Amerika führt Krieg. Aber: „Wir sind nicht unsere Regierung“, sagt Diya Timothy, Studentin vom Bard College bei New York, gleich zu Beginn des gemeinsam mit Studenten der Humboldt-Universität organisierten Symposiums.

Amerika führt Krieg. Aber: „Wir sind nicht unsere Regierung“, sagt Diya Timothy, Studentin vom Bard College bei New York, gleich zu Beginn des gemeinsam mit Studenten der Humboldt-Universität organisierten Symposiums. Es geht um den Terrorismus, darum, wie der amerikanische Staat auf die unsichtbare Bedrohung reagiert, was mit den Bürgerrechten geschieht, wie die Medien sich verhalten und wie es ist, heute als ausländischer Student in den USA zu sein. Draußen, im Friedenscamp Unter den Linden, hängen Schilder: „Bush ist ein Mörder“. Trotzdem sagen die amerikanischen Studenten, dass sie sich in Deutschland wohl fühlen.

„Wir wollen ein anderes Bild von Amerika vermitteln“, sagen sie. Einer betont: „Ich gehöre zu der Mehrheit der Amerikaner, die George W. Bush nicht gewählt hat.“ Und die Berliner Amerikanistikstudenten? Sie wollen vor allem das Objekt verstehen, das sie da studieren. Es wird viel differenziert und abgewogen, auf beiden Seiten. Niemand sagt: Ich bin für diesen Krieg. Oder: Ich bin gegen diesen Krieg.

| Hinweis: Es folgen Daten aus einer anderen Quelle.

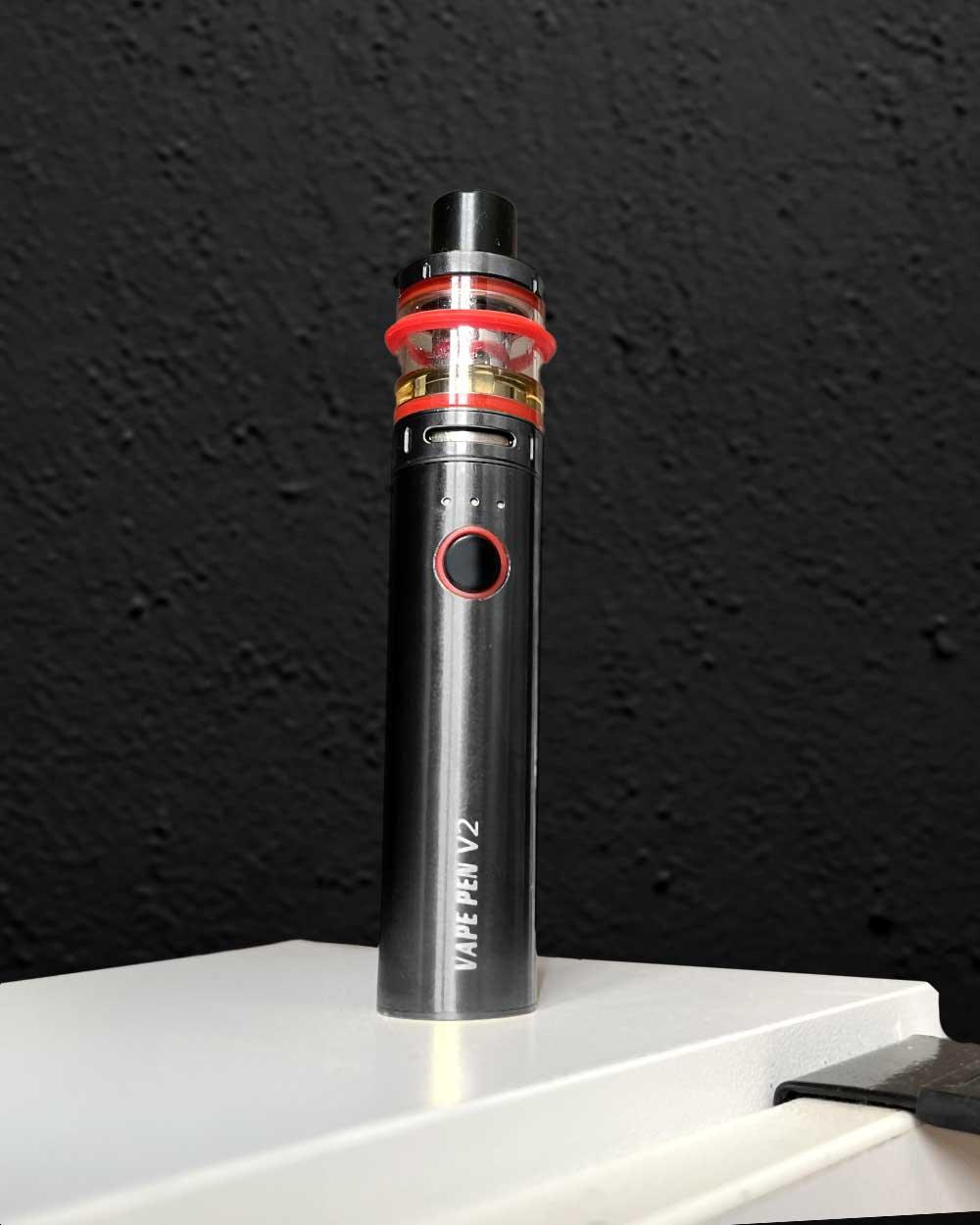 Vape Pen V2 - Gunmetal - Vapeando Ando vape shop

Außer Valon Xharra, aber das hat einen besonderen Grund. Der 23-jährige Kosovoalbaner studiert erst seit einem halben Jahr in Bard Politikwissenschaft. 1999 hat er die Bombardements der Nato in seiner Heimat miterlebt. Wie Zehntausende floh er mit seiner Familie nach Albanien, um den ethnischen Säuberungen Milosevics zu entgehen. Er sagt: „Die Bomben haben uns Demokratie gebracht.“ So werde es auch im Irak sein. Frieden sei für ihn nicht gleich die Abwesenheit von Krieg. „Die Erfahrung im Kosovo hat mir gezeigt, dass nur Bomben gewissenlose Diktatoren wie Milosevic oder Saddam stürzen können.“ Er ist überzeugt: Der Bevölkerung wird es danach besser gehen. Einen Moment herrscht Stille im Saal.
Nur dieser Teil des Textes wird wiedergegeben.